2. L’article 112 du Code des marchés publics dispose quant à lui que « Le titulaire d'un marché public de travaux, d'un marché public de services ou d'un marché industriel peut sous-traiter l'exécution de certaines parties de son marché à condition d'avoir obtenu du pouvoir adjudicateur l'acceptation de chaque sous-traitant et l'agrément de ses conditions de paiement ».
3. L’article 1710 du Code civil définit le contrat d’entreprise, également appelé contrat de louage d’ouvrage ou d’industrie, comme : « un contrat par lequel l'une des parties s'engage à faire quelque chose pour l'autre, moyennant un prix convenu entre elles ». L’article 2 du Code des marchés publics (édition 1964) précisait déjà : « Le titulaire d'un marché public ayant le caractère de contrat d'entreprise peut sous-traiter l'exécution de certaines parties de son marché à condition d'avoir obtenu de la collectivité ou de l'établissement public contractant l'acceptation de chaque sous-traitant et l'agrément des conditions de paiement de chaque contrat de sous-traitance ». Le droit à sous-traiter n’existe donc pas pour les titulaires de marchés publics de fournitures courantes.
4. Voir aussi l’instruction n°77-35-B1-MO du 9 mars 1977 précitée : « Il peut être convenu que la personne fournira seulement son travail ou son industrie ou qu’elle fournira aussi la matière. Dans le premier cas, le contrat constitue sans aucun doute un contrat de louage d’ouvrage pur et simple.

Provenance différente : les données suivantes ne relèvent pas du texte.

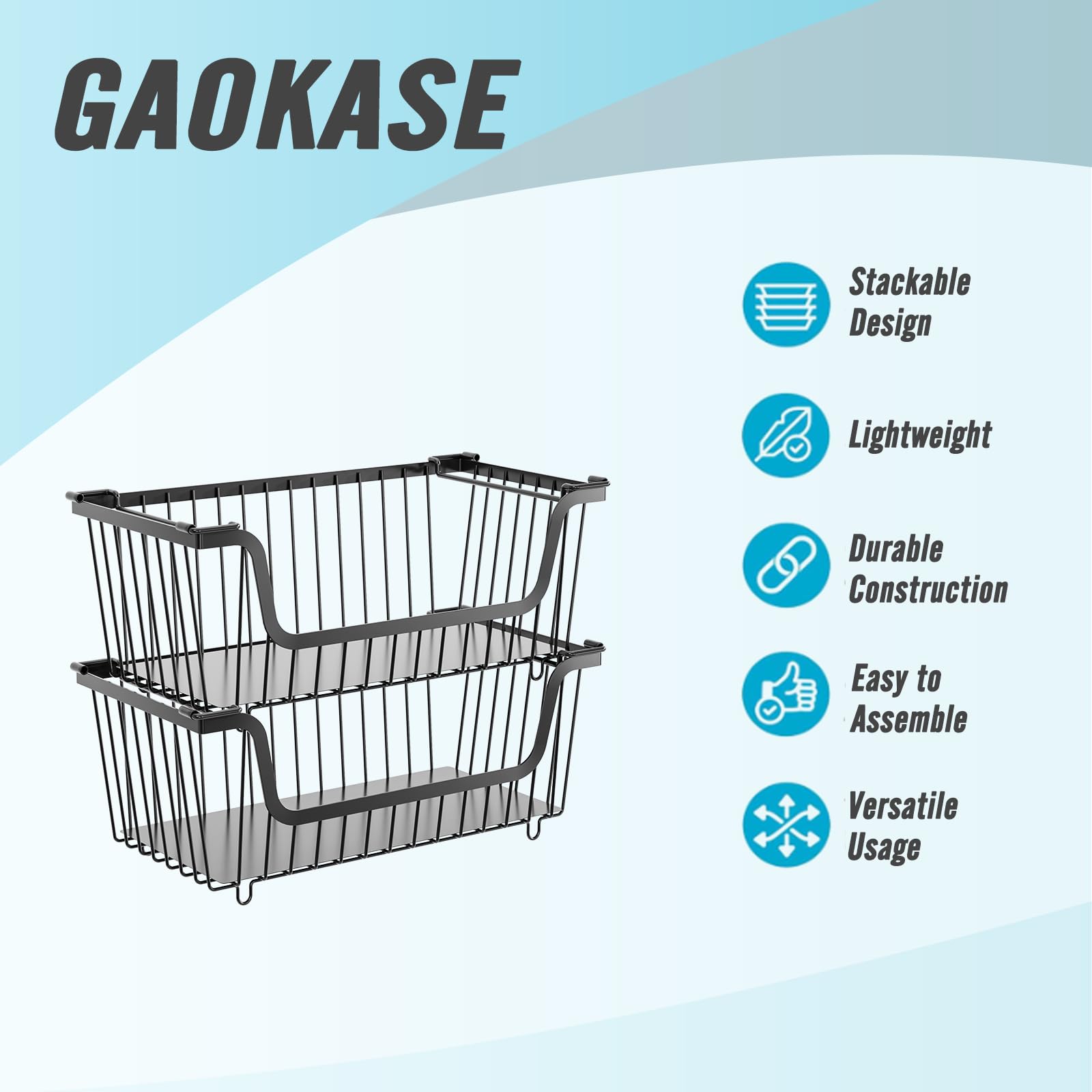 GAOKASE 4 Pcs Stackable Wire Baskets for Pantry Organizers and Storage,Vegetable Fruit Basket for Countertop,Kitchen Storage Metal Baskets,Produce Potato Onion Storage Bin
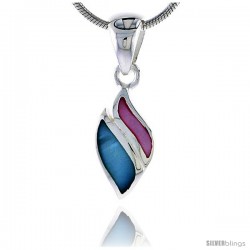 Sterling Silver Pink & Blue Mother of Pearl Inlay Pendant, 9/16" (14 mm) tall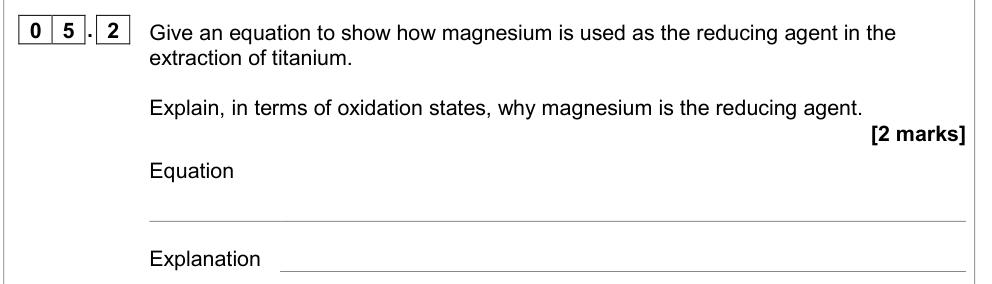 Question from 2020 As Paper 1 Q5.2 (2 marks)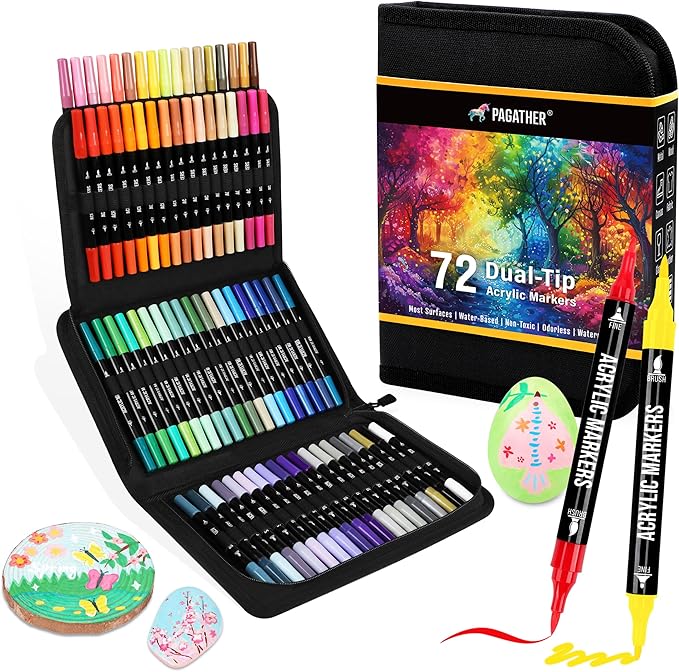 72 Colors Acrylic Paint Markers, Dual Tip with Fine Tip and Brush Tip Pens for Stone, Wood, Calligraphy, Canvas, Ceramic, Metal, Glass, Rock Painting, DIY Crafts Art Supplies Kit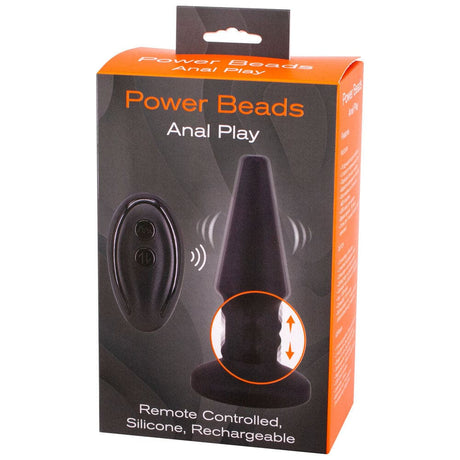 Power Beads Anal Play Rimming a Vibrating Butt Plug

Dans le second cas, il n’y a pas forcément louage d’ouvrage, mais vente à livrer si la valeur des fournitures employées est supérieure à celle des prestations prévues ».
5. Lorsqu’un marché est mixte parce qu’il a pour objet à la fois des services et des fournitures, il convient de prendre en compte la prestation dominante - Article 1er III du Code des marchés publics : « Lorsqu'un marché public a pour objet à la fois des services et des fournitures, il est un marché de services si la valeur de ceux-ci dépasse celle des fournitures achetées ».